Abatido por la violenta pérdida de su esposa y por los desgarrados lamentos de su pequeña, Joe recurre al bálsamo de la distancia, se marcha un año a Génova. Michael Winterbottom en su último film explora la anatomía del dolor, su mirada desciende hasta los cimientos emocionales de sus personajes y muestra el rostro del sufrimiento. Todos están vulnerables en la primera etapa del duelo. Sobre la fase de la «negación» en Caos Calmo, Nani Moretti realizó un memorable trabajo.
Winterbottom continúa con su heterodoxia formal restando peso al desenlace, su análisis se hace más preciso. Los afectos se desestabilizan y los conflictos amenazan. El relato gana en compromiso y el cine se hace más humano. El otro protagonista, la capital de la Liguria, aparece como un homenaje a su presente.
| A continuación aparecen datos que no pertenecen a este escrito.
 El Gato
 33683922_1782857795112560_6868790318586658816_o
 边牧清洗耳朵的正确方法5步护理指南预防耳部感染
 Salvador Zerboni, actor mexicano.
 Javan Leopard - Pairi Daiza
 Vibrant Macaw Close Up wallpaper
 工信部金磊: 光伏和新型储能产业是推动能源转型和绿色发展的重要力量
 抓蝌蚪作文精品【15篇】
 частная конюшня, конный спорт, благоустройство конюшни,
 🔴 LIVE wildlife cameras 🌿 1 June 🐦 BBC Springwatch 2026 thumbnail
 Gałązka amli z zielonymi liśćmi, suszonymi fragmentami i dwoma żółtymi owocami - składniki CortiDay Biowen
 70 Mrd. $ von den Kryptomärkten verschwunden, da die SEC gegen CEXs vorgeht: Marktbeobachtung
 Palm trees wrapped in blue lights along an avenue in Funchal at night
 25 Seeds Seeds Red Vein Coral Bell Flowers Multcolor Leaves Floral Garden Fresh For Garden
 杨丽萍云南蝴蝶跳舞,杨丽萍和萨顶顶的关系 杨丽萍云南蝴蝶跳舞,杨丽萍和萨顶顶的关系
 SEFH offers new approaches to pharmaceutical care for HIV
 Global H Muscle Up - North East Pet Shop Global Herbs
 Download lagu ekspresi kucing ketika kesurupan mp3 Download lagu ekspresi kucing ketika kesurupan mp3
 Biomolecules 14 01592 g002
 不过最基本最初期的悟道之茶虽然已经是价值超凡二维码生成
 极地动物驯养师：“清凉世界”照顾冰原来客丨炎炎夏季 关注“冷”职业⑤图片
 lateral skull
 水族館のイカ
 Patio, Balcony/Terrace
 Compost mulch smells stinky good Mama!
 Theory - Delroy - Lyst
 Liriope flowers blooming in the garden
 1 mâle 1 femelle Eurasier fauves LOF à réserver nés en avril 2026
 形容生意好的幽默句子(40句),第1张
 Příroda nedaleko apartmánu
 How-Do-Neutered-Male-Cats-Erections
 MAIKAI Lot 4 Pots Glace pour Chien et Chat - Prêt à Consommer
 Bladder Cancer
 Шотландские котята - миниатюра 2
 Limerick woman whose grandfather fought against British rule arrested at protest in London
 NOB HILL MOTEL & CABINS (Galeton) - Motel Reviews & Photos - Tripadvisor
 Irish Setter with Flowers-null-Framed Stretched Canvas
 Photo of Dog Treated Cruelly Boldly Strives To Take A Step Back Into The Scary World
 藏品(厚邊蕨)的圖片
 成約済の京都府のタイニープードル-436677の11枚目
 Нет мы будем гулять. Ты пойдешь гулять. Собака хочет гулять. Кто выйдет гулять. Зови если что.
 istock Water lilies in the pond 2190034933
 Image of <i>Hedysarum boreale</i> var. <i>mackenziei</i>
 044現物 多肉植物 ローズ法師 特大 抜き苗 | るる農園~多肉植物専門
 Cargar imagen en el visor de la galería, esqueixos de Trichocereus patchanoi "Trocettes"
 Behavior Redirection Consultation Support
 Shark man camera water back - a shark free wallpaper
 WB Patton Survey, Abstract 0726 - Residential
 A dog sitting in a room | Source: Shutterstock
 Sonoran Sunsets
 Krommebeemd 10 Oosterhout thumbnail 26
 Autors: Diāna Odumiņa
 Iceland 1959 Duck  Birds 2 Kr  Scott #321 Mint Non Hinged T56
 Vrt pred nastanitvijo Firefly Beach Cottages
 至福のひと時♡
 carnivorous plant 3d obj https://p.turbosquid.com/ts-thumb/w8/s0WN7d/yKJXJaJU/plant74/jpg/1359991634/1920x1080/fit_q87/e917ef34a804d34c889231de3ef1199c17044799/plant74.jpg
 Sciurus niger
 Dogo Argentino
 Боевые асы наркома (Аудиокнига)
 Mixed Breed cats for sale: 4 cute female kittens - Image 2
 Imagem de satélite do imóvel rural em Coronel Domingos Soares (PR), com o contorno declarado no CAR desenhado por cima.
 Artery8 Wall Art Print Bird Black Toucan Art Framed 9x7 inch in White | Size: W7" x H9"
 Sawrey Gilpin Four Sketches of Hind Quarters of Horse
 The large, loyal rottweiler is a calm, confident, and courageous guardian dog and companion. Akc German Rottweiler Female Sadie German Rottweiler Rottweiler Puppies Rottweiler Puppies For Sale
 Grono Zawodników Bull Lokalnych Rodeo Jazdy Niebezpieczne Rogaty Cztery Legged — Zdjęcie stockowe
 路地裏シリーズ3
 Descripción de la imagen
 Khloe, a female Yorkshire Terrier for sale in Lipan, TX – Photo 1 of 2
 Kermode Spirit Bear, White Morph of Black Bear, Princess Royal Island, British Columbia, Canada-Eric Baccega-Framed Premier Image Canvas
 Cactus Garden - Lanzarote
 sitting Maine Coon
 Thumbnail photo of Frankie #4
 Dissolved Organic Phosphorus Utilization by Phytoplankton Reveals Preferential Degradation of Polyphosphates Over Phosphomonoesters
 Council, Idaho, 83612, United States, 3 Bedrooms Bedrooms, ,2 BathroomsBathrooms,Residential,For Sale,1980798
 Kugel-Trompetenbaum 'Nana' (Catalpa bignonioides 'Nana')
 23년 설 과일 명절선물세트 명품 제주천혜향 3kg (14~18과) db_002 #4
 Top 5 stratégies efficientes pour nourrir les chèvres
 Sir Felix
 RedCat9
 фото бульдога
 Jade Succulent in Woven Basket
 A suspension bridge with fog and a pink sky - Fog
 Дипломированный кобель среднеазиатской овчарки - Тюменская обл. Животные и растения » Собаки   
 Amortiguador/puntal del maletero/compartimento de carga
Atrás queda la antigua potencia mediterránea que la cámara apenas enfoca. Se registra el tráfico en los famosos túneles como elemento que aporta tensión. Joe, el profesor, indaga en sus alumnos sobre la identidad. Entre las respuestas se escucha el silencio de las callejuelas medievales y las imágenes en escorzo para el espectador atento. Hoy los genoveses reflexionan sobre si un alminar puede alterar el paisaje del puerto.
Después de Camino a Guantánamo, un alegato contra el choque de civilizaciones, Génova es el film más certero de Winterbottom, un título obligado en la filmografía de un director controvertido, radical y comprometido.